Professional auditors work for the certification bodies. There are no mandatory qualifications to become an auditor but certification bodies are required to demonstrate that their auditors are competent. This is actually a very difficult task and a variety of techniques and records have been established by certification bodies to achieve it – to varying degrees of success. Further, just because a certification body has a lot of records in place, it doesn’t actually mean the auditor is any good. In practice, registrars insist or at least prefer that the people they hire (either as contractors or full time) are “registered” auditors. The two main auditor registration organizations are RABQSA based in Australia and America, and IRCA based in the UK. They both offer similar schemes – not surprisingly as they are governed by ISO standards.
RABQSA additionally offers a competency scheme that requires a comprehensive witnessed audit by an experienced skills examiner – although “who examines the examiner?” is a great question.
The other scheme more widely offered (and more popular) is a qualification scheme that requires you to pass a 5 day lead auditor class (with a 2 hour exam), demonstrate with a CV or resume that you have work experience of about 4 years, that you have more specific work experience of about 2 years (e.g. in quality or environmental sectors that you want to audit in) and then participate in audits to demonstrate audit experience.
Getting this audit experience is difficult for some.

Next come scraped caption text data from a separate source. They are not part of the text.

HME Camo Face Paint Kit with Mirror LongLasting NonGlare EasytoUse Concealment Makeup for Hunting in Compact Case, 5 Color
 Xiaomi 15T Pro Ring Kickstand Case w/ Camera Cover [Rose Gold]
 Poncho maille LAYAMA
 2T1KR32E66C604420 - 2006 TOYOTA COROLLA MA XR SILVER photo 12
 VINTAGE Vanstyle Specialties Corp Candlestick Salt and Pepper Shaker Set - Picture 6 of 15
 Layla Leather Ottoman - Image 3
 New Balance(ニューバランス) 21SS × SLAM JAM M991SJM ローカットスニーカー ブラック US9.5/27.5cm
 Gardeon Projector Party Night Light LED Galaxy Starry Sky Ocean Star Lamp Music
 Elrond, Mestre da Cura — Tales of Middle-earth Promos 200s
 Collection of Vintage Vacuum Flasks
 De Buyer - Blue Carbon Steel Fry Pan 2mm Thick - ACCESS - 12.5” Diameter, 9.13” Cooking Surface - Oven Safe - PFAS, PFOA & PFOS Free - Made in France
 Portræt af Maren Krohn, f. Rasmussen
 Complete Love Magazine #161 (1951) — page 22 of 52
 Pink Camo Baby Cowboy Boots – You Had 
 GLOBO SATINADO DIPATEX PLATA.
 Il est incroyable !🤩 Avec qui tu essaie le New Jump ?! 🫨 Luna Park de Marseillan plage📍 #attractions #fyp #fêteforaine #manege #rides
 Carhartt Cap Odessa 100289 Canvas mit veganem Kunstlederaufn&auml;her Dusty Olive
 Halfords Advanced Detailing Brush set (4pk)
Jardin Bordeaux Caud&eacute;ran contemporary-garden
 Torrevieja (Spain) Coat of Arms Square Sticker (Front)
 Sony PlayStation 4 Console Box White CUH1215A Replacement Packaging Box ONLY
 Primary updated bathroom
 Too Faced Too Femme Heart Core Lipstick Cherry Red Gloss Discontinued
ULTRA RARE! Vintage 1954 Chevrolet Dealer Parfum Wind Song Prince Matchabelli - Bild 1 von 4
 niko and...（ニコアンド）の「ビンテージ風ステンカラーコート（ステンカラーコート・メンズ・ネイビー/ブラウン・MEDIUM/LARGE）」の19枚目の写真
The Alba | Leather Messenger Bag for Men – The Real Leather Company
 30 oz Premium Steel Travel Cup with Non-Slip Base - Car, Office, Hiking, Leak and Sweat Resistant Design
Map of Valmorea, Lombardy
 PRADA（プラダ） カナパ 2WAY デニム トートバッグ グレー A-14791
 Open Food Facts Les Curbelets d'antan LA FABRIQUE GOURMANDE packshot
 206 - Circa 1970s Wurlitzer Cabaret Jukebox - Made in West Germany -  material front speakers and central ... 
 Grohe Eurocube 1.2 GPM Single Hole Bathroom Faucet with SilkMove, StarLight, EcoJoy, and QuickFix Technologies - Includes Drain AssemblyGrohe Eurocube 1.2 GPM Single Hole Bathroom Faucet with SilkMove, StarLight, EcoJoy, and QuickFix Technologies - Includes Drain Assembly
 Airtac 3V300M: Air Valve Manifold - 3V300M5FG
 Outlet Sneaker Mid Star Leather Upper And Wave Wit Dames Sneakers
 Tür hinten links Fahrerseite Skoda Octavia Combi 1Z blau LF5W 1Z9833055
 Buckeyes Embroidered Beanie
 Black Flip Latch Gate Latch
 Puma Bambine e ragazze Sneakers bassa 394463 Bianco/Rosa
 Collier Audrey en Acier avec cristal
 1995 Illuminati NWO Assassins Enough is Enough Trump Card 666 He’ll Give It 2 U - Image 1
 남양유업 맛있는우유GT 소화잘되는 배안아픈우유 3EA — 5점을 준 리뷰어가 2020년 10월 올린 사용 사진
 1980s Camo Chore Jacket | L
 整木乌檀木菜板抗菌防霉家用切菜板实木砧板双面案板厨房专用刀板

Some internal audits and supplier audits can count. Consulting audits can count too. If you don’t have access to this, then often a certification body will allow you to participate in audits but there is usually some payback associated with that. Some less than professional certification bodies will actually charge you to be part of a team that they are charging the client for.
You maintain a log of the audits that you have participated in and get the auditee or team leader to sign off on your logs. These, along with other evidence is submitted to the registration organization for review – and issue of your formal status as a registered auditor.
Once you have achieved lead auditor there is no guarantee that a certification body will contract with you or employ you. The work can be grueling, is not particularly well respected and not always well paid. You can use your qualification to set up as a consultant – but because many of us have had less than professional experiences of so-called professional auditors, the status doesn’t always mean much.
Most people who complete the lead auditor training course stop there claiming to be “ISO lead auditors” on their resume and most employers understand that and the value it brings.